Muswellbrook Shire Council receives award for innovation in infrastructure

HIGHLY COMMENDED: Some of the team involved in the project, from left, Adam Ingram, Kugan Thiru, Gavin McKenzie, Sam Boag, Paul Shearman, Darrell Lewis, Steve McDonald and Shaun Guilfoyle holding the award.
HIGHLY COMMENDED: Some of the team involved in the project, from left, Adam Ingram, Kugan Thiru, Gavin McKenzie, Sam Boag, Paul Shearman, Darrell Lewis, Steve McDonald and Shaun Guilfoyle holding the award.

THE plaudits continue to flow in for Muswellbrook Shire Council.

Following the recent Institute of Public Works Engineering Australasia (IPWEA) NSW Division Excellence Awards, council’s Water and Waste section of the community infrastructure department received a Highly Commended in the category: New and Improved Techniques in Asset Management.

In 2016, Muswellbrook Water and Waste developed and implemented a water main condition assessment program that aimed to establish a replacement and/or rehabilitation initiative using actual field-based condition assessment information.  

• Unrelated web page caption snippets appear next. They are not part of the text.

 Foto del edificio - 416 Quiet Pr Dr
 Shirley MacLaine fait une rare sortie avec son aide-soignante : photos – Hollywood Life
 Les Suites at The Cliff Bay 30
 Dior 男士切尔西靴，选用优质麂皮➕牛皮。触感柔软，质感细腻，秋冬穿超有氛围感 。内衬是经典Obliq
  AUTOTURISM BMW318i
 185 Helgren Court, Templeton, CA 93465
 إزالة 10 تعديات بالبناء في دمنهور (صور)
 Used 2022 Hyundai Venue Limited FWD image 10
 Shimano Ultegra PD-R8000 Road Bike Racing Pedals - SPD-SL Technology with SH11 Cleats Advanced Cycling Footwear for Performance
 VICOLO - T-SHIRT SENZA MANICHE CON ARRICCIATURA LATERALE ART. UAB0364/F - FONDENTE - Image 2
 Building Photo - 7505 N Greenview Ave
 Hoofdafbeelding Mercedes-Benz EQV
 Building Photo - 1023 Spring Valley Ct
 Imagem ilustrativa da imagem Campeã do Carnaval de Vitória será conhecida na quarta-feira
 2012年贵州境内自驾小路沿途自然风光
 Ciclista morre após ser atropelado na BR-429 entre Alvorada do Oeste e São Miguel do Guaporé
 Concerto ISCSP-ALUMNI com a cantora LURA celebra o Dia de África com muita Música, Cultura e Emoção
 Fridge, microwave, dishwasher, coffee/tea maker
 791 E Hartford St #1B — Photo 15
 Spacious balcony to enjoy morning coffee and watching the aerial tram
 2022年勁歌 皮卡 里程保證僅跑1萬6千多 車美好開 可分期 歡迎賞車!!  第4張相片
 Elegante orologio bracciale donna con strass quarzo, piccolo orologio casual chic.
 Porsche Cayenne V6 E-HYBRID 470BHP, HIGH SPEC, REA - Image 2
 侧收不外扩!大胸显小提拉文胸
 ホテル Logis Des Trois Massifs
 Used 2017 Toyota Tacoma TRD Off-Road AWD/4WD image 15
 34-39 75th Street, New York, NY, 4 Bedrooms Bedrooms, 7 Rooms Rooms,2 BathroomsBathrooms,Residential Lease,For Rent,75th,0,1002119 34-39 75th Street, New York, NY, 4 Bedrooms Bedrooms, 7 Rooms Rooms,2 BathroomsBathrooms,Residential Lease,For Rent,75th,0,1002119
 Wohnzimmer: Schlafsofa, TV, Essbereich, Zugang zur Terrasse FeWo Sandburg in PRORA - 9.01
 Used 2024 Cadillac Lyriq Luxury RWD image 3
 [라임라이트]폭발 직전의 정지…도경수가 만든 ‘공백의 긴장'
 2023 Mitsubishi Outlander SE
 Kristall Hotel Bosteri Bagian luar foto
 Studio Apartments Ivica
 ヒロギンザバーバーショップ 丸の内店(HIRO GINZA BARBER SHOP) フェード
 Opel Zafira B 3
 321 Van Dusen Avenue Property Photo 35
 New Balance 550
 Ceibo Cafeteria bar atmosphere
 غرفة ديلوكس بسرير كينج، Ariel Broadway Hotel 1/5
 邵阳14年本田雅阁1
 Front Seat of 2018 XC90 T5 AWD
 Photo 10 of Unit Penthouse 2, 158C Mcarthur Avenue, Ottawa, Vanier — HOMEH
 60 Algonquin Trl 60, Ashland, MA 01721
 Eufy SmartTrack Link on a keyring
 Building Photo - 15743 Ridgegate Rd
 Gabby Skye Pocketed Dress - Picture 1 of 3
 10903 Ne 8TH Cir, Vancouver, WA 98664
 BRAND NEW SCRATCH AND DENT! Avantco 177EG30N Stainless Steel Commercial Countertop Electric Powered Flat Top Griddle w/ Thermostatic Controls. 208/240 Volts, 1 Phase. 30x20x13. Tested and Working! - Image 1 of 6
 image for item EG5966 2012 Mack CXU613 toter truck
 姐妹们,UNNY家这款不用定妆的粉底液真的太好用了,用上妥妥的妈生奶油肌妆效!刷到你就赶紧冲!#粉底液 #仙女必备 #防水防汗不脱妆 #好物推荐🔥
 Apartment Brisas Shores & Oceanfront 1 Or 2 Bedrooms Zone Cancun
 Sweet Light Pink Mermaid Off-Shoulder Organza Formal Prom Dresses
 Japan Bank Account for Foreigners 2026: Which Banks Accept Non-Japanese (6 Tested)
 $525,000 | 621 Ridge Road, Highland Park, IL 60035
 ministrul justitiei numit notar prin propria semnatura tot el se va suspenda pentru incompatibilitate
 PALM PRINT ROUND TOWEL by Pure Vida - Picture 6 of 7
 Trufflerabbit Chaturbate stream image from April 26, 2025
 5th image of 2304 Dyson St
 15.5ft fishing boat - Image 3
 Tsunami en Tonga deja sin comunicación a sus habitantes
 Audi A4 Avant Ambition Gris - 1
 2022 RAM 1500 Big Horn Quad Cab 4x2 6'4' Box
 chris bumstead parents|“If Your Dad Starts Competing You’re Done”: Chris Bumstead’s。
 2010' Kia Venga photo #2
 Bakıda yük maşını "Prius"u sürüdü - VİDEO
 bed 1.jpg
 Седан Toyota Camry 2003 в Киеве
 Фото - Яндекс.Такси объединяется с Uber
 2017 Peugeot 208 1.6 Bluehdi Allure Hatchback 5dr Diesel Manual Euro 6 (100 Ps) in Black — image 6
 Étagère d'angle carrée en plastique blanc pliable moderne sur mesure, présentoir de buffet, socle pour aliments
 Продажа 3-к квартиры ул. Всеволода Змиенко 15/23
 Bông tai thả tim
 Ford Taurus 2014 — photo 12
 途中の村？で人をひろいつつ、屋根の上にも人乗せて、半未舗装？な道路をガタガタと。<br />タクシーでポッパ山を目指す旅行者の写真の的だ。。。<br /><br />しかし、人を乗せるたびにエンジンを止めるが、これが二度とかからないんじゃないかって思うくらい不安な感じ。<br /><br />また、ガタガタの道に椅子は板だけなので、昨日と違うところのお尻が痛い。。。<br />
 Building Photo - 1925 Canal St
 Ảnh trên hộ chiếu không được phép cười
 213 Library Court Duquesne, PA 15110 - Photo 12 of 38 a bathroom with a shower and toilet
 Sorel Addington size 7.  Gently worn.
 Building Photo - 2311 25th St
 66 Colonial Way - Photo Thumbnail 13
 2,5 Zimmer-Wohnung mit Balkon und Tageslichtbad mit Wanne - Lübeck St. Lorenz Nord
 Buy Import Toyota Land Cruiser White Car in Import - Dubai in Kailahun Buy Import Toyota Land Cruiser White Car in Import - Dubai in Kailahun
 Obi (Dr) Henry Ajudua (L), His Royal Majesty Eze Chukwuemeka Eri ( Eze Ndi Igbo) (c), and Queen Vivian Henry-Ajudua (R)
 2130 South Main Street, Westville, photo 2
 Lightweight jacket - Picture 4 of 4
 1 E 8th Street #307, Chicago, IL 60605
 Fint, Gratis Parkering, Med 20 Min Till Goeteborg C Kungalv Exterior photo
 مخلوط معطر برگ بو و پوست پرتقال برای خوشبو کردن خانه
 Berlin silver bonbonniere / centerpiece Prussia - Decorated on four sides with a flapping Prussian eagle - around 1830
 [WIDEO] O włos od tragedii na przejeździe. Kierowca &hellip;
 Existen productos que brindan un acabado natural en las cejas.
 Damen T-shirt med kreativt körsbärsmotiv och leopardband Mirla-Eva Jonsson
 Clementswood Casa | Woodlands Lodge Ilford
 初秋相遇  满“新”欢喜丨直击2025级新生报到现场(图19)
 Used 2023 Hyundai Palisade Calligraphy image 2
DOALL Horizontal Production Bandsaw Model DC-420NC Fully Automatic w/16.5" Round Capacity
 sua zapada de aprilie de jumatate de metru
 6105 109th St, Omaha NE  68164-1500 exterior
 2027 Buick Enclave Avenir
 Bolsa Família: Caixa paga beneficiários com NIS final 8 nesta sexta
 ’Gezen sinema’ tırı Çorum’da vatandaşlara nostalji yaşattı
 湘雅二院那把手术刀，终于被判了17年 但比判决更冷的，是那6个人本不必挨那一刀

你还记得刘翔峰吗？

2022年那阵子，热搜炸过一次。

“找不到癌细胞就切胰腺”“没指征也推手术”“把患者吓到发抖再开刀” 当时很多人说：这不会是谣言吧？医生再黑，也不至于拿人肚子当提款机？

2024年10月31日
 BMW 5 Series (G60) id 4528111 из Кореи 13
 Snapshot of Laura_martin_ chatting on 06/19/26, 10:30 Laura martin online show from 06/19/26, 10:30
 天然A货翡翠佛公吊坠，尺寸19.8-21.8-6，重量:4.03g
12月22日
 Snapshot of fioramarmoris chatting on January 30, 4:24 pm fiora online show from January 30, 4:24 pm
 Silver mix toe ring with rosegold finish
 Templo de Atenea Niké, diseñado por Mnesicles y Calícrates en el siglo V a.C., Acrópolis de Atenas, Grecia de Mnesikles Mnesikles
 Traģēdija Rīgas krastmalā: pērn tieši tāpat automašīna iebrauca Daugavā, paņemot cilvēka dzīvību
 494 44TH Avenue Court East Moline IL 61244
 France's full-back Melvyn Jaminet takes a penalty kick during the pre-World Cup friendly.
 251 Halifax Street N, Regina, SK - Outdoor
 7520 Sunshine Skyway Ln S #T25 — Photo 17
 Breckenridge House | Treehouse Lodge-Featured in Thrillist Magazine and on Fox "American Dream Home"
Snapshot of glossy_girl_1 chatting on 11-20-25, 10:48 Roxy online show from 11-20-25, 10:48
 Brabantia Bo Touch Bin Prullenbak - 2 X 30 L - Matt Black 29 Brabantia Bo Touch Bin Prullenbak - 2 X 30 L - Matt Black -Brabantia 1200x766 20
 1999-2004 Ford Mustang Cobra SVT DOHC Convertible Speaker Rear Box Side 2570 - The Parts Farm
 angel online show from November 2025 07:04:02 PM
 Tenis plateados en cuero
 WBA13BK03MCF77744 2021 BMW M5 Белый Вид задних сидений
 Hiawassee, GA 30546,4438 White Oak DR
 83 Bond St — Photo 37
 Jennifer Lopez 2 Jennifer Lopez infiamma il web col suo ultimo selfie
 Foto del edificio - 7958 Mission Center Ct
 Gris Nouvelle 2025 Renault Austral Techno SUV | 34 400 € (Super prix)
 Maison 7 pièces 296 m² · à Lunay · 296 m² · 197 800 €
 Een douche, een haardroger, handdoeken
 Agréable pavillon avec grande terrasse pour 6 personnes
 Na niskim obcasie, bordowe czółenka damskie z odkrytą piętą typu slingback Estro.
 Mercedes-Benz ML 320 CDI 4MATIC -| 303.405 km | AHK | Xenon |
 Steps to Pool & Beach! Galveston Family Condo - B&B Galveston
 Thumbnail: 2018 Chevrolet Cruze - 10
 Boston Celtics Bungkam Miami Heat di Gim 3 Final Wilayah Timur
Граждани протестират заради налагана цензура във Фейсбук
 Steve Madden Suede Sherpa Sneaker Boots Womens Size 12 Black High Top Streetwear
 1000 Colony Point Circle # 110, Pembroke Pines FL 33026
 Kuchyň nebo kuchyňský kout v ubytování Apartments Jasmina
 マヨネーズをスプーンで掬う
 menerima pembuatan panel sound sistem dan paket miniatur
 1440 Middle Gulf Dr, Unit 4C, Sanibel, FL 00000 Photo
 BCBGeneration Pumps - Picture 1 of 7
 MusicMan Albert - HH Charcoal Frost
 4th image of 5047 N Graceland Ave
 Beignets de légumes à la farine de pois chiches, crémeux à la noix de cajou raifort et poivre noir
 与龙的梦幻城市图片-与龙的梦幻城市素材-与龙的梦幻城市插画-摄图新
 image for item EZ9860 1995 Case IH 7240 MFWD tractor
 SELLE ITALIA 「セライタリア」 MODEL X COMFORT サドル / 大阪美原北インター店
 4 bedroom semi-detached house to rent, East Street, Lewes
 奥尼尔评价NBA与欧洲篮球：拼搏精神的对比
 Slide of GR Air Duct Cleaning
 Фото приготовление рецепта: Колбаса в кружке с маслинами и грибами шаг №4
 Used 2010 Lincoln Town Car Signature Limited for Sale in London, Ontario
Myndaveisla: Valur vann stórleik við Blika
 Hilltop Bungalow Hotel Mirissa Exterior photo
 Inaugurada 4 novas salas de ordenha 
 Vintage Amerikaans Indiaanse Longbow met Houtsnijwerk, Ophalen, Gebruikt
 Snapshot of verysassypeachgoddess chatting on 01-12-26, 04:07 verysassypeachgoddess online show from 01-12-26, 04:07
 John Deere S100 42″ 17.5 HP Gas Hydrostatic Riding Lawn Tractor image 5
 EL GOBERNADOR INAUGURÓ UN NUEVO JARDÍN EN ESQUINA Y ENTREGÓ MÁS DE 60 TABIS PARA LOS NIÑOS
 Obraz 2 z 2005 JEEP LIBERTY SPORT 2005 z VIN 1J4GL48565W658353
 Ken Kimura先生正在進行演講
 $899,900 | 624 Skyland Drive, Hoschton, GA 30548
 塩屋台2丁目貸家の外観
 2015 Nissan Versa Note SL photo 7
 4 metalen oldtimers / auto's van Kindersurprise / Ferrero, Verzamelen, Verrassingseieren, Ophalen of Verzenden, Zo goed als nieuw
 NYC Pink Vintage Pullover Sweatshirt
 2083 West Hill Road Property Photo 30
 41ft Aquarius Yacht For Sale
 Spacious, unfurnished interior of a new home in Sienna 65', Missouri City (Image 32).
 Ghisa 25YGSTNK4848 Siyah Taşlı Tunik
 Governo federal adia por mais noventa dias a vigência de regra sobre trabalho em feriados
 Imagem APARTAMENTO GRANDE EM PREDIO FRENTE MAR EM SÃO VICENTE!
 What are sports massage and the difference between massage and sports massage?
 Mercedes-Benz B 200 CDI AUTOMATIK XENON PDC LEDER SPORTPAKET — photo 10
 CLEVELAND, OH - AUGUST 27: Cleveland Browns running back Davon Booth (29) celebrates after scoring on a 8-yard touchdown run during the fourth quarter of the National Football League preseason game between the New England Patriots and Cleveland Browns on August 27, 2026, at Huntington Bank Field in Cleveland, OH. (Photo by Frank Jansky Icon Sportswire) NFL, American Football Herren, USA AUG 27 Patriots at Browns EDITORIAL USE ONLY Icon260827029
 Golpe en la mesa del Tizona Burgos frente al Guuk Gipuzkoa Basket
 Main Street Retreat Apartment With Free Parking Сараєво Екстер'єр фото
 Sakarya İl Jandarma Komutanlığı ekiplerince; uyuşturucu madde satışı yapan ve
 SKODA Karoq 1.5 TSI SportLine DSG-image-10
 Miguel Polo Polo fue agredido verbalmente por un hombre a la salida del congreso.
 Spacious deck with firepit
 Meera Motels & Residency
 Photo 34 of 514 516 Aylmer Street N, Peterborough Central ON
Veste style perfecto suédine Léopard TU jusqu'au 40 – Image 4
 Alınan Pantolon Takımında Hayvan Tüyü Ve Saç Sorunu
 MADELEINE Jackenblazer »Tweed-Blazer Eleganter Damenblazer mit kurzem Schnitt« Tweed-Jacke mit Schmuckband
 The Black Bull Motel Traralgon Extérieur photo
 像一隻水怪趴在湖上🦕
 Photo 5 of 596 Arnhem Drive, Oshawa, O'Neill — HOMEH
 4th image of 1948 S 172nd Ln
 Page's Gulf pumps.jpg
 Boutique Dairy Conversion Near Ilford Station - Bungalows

Each segment was assessed to pinpoint where water main replacements were necessary and where various rehabilitation techniques would be more cost effective over the life cycle.

Muswellbrook’s water network is quite aged, especially in the CBD area of town.

The main objectives were to reduce construction costs and minimise disruption to commercial businesses.

Other aims were to extend the service life of the water main assets in order to gain maximum utilisation out of each water main and to minimise the water losses and water quality issues that occur due to aging water mains. 

 In February 2017, Water and Waste engaged a specialised contractor, Abergeldie, to complete a water main renewal project in the Muswellbrook CBD using a relatively new technique called Water Main Spray Lining.

Instead of pulling a liner through the water main, it would be spray lined to a specified thickness determined by the field condition assessment result.  

Council staff from network team 2 worked with the contractors to keep all the businesses fully-connected throughout the process off temporary services.

This technique was chosen due to the minimal effect on traffic flows, the small construction footprint, no excavation at service connections, a selective liner thickness, a small timeframe of project being eight days, the limited affect that it has on the surrounding large fig trees and the efficiency of the project.

The adoption of this method also allowed Water and Waste to complete the renewal of the water main with a saving of 25 per cent over conventional renewal processes.

The section now has an ongoing water main condition assessment and replacement program for the future.